Synonymes de Nadav Lapid

Synonymes débute par une mort et une renaissance symboliques, avec un corps nu à moitié gelé dans un grand appartement parisien vide. L’histoire qui va suivre est inspirée par les années de jeunesse du cinéaste en exil volontaire dans la capitale française, loin de l’état hébreu qu’il a voulu fuir.

Faire table rase d’une culture, d’une langue et d’un pays qu’on a renié pour repartir à zéro et trouver une terre d’adoption : tel est le programme de Yoav, alter ego cinématographique de Nadav Lapid, interprété par Tom Mercier, révélation de Synonymes.

Tous les films de Nadav Lapid traitent de son rapport très conflictuel avec Israël, qui dépasse la contestation politique. Synonymes entretient des liens secrets ou évidents avec les longs ou courts métrages précédents du réalisateur (La Petite Amie d’Émile, Le Policier, L’Institutrice, Journal d’un photographe de mariage). Cette colère envers Israël correspond à celle d’une relation passionnelle à l’échelle d’un pays.

Ce troisième long métrage enregistre le double échec de son jeune protagoniste : celui de rompre avec Israël qui l’accompagne partout malgré lui, et celui de « créer du lien » avec la France, terre finalement inhospitalière. Synonymes est l’aboutissement (provisoire) du passionnant projet de Nadav Lapid. Il s’agit d’imaginer des formes nouvelles à partir d’histoires et de sujets qui refusent normalement d’accueillir la poésie, de prouver qu’en associant des mots et des images de haine et de détestation, on débouche sur de la beauté. La beauté est affaire de collisions et de regard, tout ce qui est laid peut être beau. Nadav Lapid invente un cinéma de poésie en provoquant des chocs violents et désagréables, des distorsions parfois grotesques ou comiques.

Il parvient à transformer des idées et des sentiments en images de cinéma, à faire surgir la grâce de la trivialité.

Au cœur du chaos, de la confusion et des contradictions du personnage de Yoav, plongé dans des situations extrêmes, Nadav Lapid rétablit la puissance de la parole (psalmodiée, murmurée, chantée, criée).

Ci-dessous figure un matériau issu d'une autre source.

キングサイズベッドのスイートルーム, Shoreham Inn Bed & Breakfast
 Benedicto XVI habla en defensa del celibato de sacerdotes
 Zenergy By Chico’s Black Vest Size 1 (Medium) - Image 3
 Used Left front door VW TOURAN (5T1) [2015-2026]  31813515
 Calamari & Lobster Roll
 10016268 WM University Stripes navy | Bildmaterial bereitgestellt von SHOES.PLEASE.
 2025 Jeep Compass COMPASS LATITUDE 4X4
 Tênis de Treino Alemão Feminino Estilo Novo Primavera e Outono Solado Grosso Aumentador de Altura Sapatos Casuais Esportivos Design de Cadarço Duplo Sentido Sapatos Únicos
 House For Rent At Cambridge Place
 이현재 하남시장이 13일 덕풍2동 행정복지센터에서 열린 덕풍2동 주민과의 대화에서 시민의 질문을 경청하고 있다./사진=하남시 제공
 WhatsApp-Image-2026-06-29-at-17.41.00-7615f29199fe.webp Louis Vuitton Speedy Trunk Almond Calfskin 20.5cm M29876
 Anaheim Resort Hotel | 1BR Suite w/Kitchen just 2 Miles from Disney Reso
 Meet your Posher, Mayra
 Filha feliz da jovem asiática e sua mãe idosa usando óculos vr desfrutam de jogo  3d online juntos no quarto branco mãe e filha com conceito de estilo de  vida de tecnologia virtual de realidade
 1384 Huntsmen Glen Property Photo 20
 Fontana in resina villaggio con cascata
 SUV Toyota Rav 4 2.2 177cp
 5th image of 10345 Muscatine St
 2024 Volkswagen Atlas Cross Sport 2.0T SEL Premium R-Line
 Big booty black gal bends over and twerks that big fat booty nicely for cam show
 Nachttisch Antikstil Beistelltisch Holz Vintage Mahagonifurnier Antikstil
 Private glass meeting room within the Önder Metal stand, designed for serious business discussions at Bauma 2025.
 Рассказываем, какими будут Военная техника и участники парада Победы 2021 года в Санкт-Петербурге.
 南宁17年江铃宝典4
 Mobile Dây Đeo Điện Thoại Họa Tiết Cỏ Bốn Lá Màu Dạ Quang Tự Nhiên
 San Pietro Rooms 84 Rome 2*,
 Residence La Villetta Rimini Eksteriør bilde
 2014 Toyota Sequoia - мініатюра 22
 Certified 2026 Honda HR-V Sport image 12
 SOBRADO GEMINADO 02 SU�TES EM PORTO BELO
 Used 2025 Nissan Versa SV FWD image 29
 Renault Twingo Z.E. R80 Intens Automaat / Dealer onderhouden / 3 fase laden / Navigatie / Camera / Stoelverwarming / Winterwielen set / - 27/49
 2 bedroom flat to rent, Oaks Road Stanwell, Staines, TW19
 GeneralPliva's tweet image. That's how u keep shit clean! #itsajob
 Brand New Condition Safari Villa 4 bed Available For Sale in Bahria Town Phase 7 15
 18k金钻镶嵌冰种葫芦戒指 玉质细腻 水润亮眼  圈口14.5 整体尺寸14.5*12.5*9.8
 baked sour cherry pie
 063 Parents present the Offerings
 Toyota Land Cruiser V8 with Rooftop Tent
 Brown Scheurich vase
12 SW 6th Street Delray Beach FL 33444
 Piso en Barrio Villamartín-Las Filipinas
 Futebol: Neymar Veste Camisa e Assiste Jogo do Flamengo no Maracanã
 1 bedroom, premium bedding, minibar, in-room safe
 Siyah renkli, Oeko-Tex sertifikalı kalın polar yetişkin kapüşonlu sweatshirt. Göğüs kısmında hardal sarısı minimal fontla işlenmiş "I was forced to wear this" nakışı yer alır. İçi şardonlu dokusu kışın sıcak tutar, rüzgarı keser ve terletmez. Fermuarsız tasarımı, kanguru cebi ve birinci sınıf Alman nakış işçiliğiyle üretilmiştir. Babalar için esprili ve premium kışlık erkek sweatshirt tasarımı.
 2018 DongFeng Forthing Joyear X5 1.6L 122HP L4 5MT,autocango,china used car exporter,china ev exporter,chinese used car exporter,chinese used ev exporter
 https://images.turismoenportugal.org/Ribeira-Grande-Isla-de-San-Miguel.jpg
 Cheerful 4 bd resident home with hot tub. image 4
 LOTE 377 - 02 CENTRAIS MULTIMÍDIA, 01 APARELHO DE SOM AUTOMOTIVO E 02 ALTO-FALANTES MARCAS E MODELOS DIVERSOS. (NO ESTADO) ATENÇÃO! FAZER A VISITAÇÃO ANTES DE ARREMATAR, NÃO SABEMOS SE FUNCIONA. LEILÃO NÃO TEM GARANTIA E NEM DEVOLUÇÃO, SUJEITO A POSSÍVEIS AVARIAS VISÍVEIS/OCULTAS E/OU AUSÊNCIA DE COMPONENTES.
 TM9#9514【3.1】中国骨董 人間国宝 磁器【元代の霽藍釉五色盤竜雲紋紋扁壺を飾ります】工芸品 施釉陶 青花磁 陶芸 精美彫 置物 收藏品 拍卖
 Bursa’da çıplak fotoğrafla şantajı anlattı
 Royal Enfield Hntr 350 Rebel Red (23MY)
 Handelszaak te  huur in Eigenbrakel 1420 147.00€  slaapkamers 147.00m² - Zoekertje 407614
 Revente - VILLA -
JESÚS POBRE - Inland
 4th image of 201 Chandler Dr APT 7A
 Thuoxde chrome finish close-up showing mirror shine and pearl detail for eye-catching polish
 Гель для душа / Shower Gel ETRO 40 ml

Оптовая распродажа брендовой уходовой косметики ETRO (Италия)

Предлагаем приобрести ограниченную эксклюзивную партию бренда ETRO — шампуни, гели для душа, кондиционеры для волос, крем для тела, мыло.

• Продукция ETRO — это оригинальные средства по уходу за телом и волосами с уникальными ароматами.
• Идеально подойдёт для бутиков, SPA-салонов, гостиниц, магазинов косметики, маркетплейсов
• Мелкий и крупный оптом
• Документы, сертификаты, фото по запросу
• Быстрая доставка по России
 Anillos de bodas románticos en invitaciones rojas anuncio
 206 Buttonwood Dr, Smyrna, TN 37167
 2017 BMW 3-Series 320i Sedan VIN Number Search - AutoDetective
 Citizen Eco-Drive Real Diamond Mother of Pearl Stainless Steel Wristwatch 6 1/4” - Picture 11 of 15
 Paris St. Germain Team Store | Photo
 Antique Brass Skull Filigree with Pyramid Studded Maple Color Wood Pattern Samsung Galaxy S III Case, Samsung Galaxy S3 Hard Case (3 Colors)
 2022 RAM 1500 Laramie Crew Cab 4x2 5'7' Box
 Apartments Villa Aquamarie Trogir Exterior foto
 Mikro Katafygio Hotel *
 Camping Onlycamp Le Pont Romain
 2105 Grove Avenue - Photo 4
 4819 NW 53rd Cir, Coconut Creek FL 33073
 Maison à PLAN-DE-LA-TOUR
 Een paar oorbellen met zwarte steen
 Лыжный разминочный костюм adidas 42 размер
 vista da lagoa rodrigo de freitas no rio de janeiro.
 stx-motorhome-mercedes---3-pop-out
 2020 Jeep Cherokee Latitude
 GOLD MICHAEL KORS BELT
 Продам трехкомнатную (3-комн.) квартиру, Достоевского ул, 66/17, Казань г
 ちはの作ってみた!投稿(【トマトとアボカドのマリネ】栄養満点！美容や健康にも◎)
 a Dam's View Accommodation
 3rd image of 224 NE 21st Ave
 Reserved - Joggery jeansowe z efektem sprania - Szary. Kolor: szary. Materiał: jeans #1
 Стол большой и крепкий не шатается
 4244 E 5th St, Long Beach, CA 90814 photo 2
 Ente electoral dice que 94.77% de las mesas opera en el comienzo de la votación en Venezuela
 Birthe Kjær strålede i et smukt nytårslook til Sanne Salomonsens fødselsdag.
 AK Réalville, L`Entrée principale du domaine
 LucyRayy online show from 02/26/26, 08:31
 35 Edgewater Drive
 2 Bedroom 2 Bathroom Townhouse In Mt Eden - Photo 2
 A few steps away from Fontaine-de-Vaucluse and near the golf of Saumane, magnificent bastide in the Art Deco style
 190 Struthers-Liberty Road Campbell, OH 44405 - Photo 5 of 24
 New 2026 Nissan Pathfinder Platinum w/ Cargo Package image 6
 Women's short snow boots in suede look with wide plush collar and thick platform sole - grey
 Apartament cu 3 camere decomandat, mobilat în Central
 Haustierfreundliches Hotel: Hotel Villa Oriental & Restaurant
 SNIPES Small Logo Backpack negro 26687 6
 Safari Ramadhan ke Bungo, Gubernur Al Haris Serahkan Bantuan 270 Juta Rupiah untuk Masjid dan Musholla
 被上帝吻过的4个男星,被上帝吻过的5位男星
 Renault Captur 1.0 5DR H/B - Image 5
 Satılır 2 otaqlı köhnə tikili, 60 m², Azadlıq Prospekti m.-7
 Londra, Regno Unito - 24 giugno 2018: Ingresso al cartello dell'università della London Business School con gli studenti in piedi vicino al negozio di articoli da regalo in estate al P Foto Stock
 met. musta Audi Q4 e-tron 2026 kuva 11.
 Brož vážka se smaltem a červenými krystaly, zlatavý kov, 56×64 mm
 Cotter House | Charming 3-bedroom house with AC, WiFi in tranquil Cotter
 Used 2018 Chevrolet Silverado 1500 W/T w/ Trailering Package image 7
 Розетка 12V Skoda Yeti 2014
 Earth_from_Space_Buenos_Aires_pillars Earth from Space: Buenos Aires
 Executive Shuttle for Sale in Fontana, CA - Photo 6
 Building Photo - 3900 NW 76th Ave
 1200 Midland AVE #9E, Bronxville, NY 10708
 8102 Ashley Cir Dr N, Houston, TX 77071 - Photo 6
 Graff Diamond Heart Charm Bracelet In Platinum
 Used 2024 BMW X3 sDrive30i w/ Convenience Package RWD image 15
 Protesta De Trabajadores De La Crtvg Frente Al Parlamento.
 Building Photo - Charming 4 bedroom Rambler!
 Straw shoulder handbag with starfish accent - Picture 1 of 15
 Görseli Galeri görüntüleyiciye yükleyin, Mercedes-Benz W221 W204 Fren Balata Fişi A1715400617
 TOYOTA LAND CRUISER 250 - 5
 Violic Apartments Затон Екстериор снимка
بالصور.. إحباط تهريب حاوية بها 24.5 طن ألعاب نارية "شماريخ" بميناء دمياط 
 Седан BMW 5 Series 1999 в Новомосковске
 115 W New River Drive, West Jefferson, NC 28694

Les mots occupent une importance capitale. Ils sont au cœur du film, indissociables de la pensée et des sentiments. Matière filmique, matière vivante, matière intellectuelle… Lapid procède dans Synonymes à un véritable travail d’alchimiste. Il n’est pas question de magie dans sa démarche, mais d’une croyance folle dans le cinéma, dont les possibilités sont ici explorées. Les rencontres qui jalonnent le périple de Yoav dans les rues parisiennes font entrer dans le film une galerie de personnages beaux, pathétiques, inquiétants, monstrueux… Autant de caractères qui nourrissent le cinéma à la fois lyrique et analytique de Nadav Lapid, et témoignent d’un dialogue intime avec l’histoire du cinéma français. Le souvenir des films de Bresson, Eustache, Godard (années 60 et 80), plus près de nous Desplechin et Garrel (à travers les interprètes du couple de jeunes bourgeois qui tombe amoureux de Yoav, Quentin Dolmaire et Louise Chevillotte) irrigue Synonymes. Synonymes se clôt sur une porte désespérément fermée. Entretemps, le film aura ouvert des perspectives d’une grande richesse, et retrouvé le goût de la dialectique, et surtout « ce plaisir aristocratique de déplaire » qui manquent tant au cinéma contemporain.

 

Sortie le mercredi 27 mars, distribué par SBS Distribution.